Flexibility had its place in bushido philosophy and in the history of samurai. In The Book of Five Rings, 17th century sword-master Musashi Miyamoto advised his readers to shift effortlessly between disciplines and options when presented with new information. Yoshimishi’s daimyō, Nobunaga Oda, was proud of his archers’ accuracy, but he did not hesitate to adopt a strange new technology called teppo (matchlock guns), imported by the Portuguese, and arm his soldiers with them.
Bushido is not only about fighting. Several of the virtues historically admired by samurai have survived in modern Japanese culture. As a pediatric oncologist, I have found that three specific virtues are helpful guides in my clinical practice.
Today we are fighting ALL and lymphoma with a new “order of battle” known as Total Therapy 17 (TOT17). It is the 17th iteration of the St. Jude Total Therapy clinical trial, which began in 1962, when Dr. Donald Pinkel introduced simultaneous, multi-drug therapy for ALL.
Through the previous 16 Total Therapy trials, we have learned how individual children respond to leukemia medications in very different ways. To reduce toxicity and the risk of adverse effects, we select doses and medications tailored for each individual child.
The objective of Total 17 is to further refine this selection process with precision medicine.
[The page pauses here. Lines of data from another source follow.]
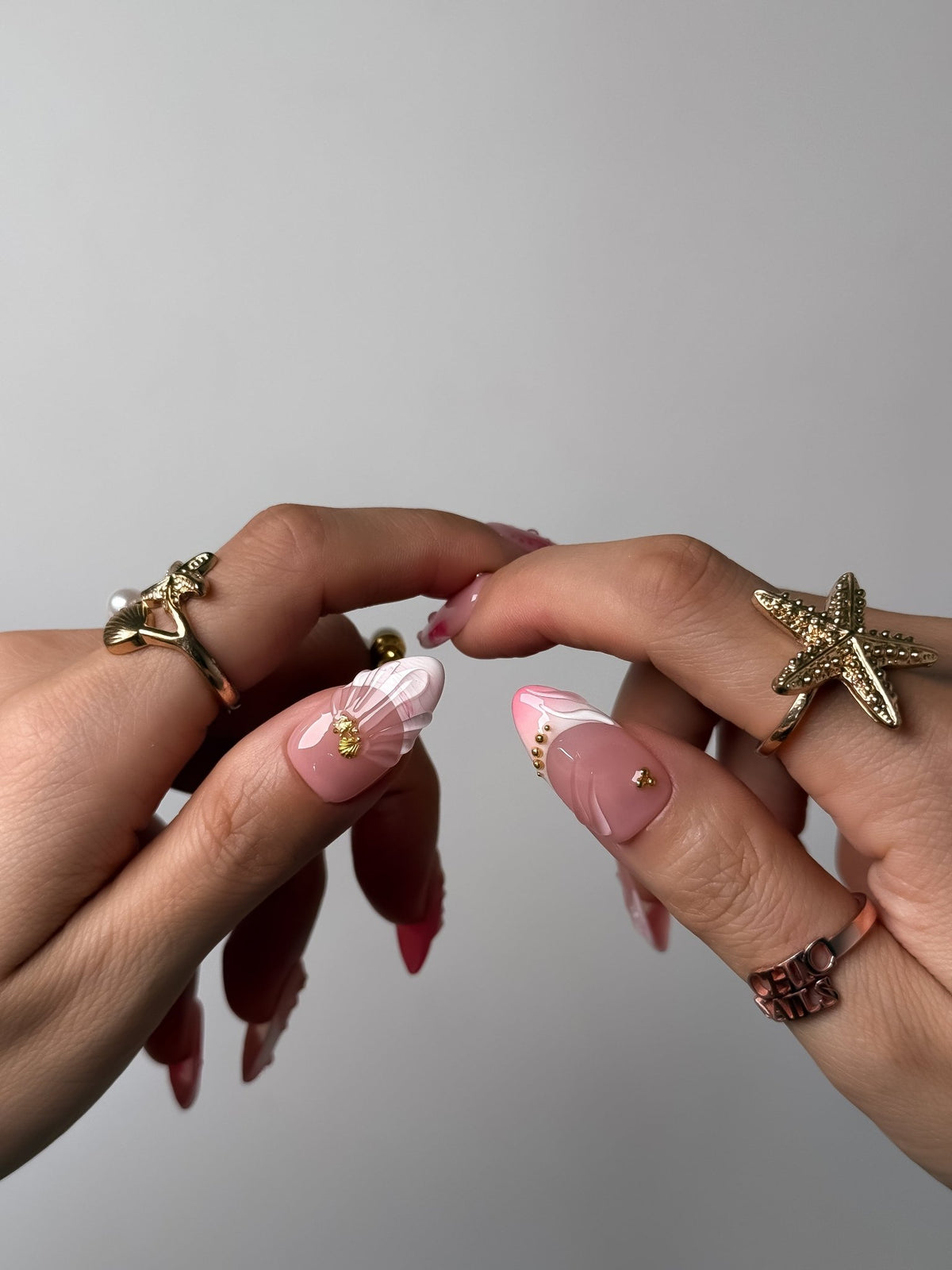 Coral Blossom Medium Almond Press On Nails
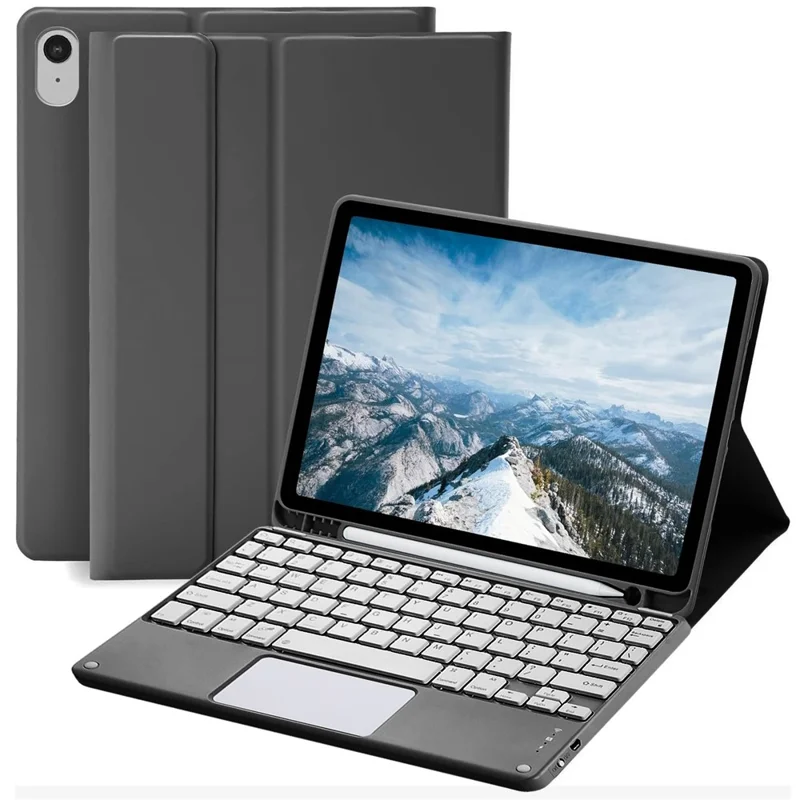 For iPad (2025)  /  iPad 10.9 (2022) Skin-touch Leather Protective Case with X7 Touchpad Bluetooth-compatible Keyboard - Black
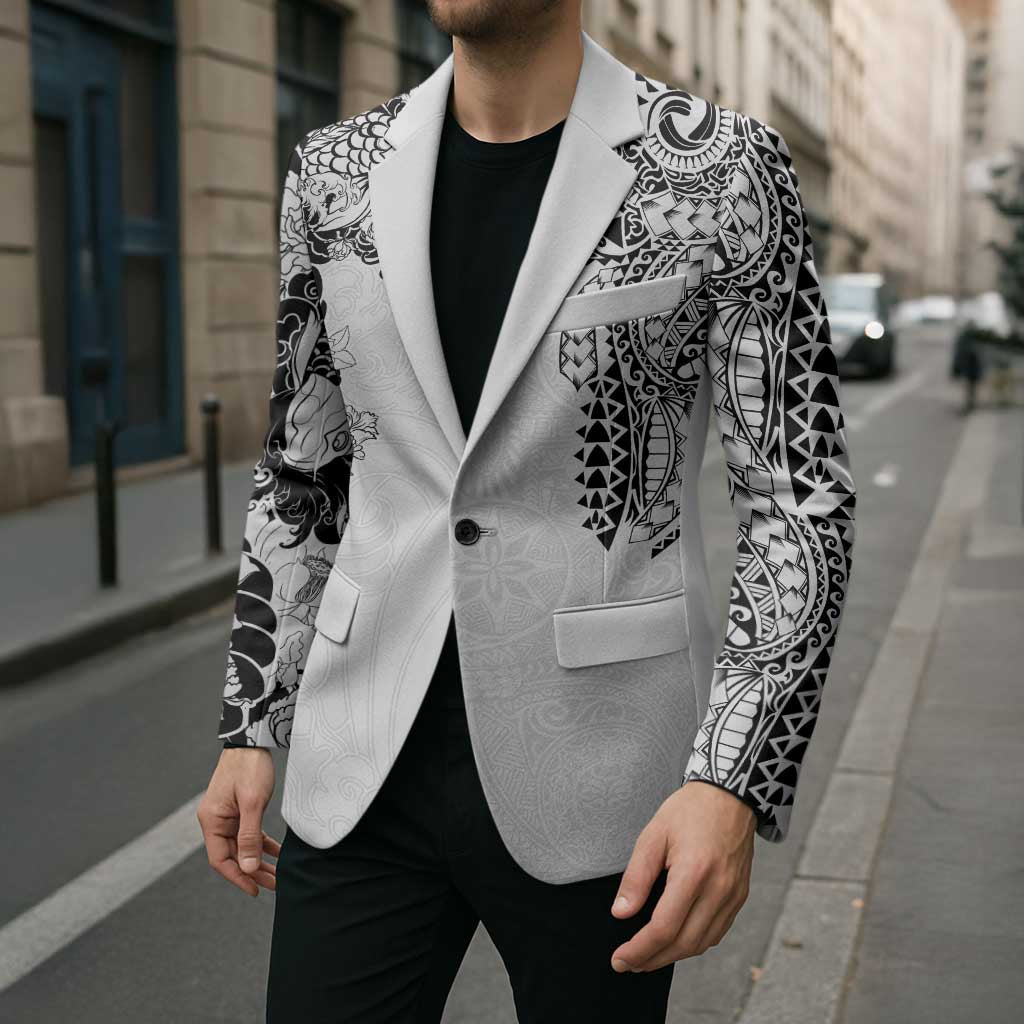Japanese Irezumi and Hawaiian Polynesian Art Tattoo Blazer White Color - Polynesian Pride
Every child in the trial undergoes genomic testing of both normal tissue and leukemia cells to target the therapy. The leukemia-cell data can identify abnormal mutations that may be targetable by new drugs. If the patient does not respond well to treatment, we can add those agents to a therapy to improve the responses.
That's why my fight will not only be treating patients. My fight will include working with our researchers, my fellow clinicians and the companies with new tools we can bring to the fight, to increase survival.
We are seeing a 94% survival rate with ALL, but we still want to go to 100%. There is a way to get there. We have many things to do.